The Indianapolis Shooting (Along With The Overall Rising Number of Mass Shootings In America)

Brandon Scott Hole, a 19-year-old who used to work at a FedEx warehouse in Indianapolis shot gunfire at the same warehouse on Thursday. He was firing uncontrollably and ended it by killing himself before the police arrived. This led to eight deaths and at least seven people injured.

This shooting is nothing new in Indianapolis. In fact, this makes the third mass shooting since the start of the year. The other two mass shootings were in Atlanta and Colorado. President Biden had a strong opinion about this in a news conference.

“Every single day, every single day, there’s a mass shooting in the United States if you count all those who are killed out on the streets of our cities and our rural areas. It’s a national embarrassment and must come to an end.”
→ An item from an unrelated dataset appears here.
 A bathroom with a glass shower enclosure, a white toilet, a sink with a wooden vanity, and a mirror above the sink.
From the New York Times article, “In a Spasm of Violence, Indianapolis Faces the Country’s Latest Mass Shooting”

As people are trying to find out the motive of the shooting, the eFBI as well as other investigators are searching through his past for possible hints. Although the motive is still unknown, at least four Sikh community were killed by him that night. His mother worried that he could have been suicidal last year, but the assumptions still do not deduct to a specific reason for the mass shooting.
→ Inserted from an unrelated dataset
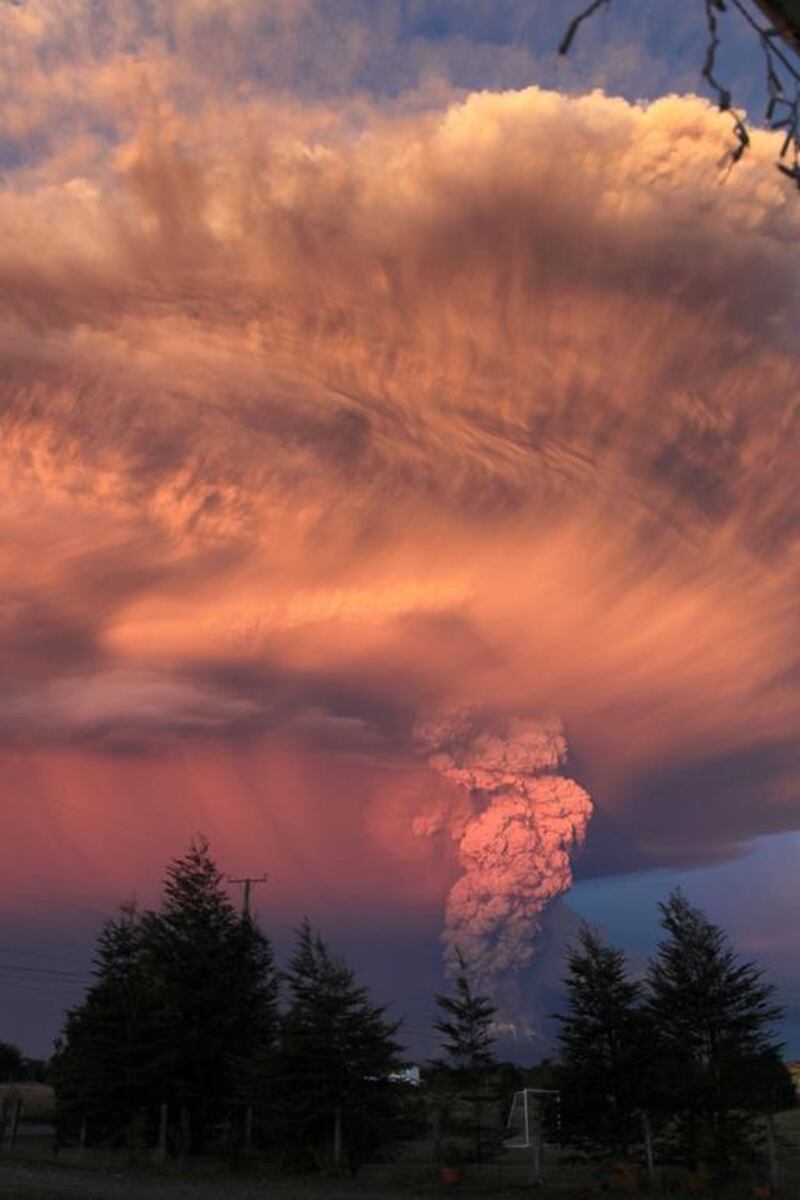 View from Puerto Montt, southern Chile, of a high column of ash and lava.   Diego Main / AFP Photo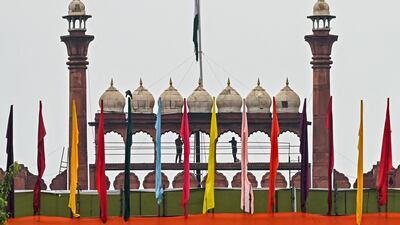The Red Fort adorned with colourful flags on the eve of India's Independence Day celebrations in the old quarters of Delhi. AFP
Within the last month, the United States reported at least 45 mass shootings. The Gun Violence Archive shows the reported mass shootings within 2021 and the frequency is alarming. Some of these shootings were motivated by hate crimes while others are unknown.

A well known example of a mass shooting with the motive of asian hate crimes is the Atlanta spa shootings. The suspect killed eight people, six being asian women. Although there are accounts in America questioning whether the shootings were racially motivated, news around the world including South Korea describe the motive as an Asian hate crime. Hate crimes have been dangerously increasing, and not just racial hate crimes but also gender (male supremacy).

“Gender-motivated hate crimes make up only a tiny percentage of the hate crimes recorded by the F.B.I. — 0.7 percent in 2018, the most recent year listed on the agency’s website, compared with 57.5 percent deemed to have been motivated by racial bias that year.”

From The New York Times article, “8 Dead in Atlanta Spa Shootings, With Fears of Anti-Asian Bias”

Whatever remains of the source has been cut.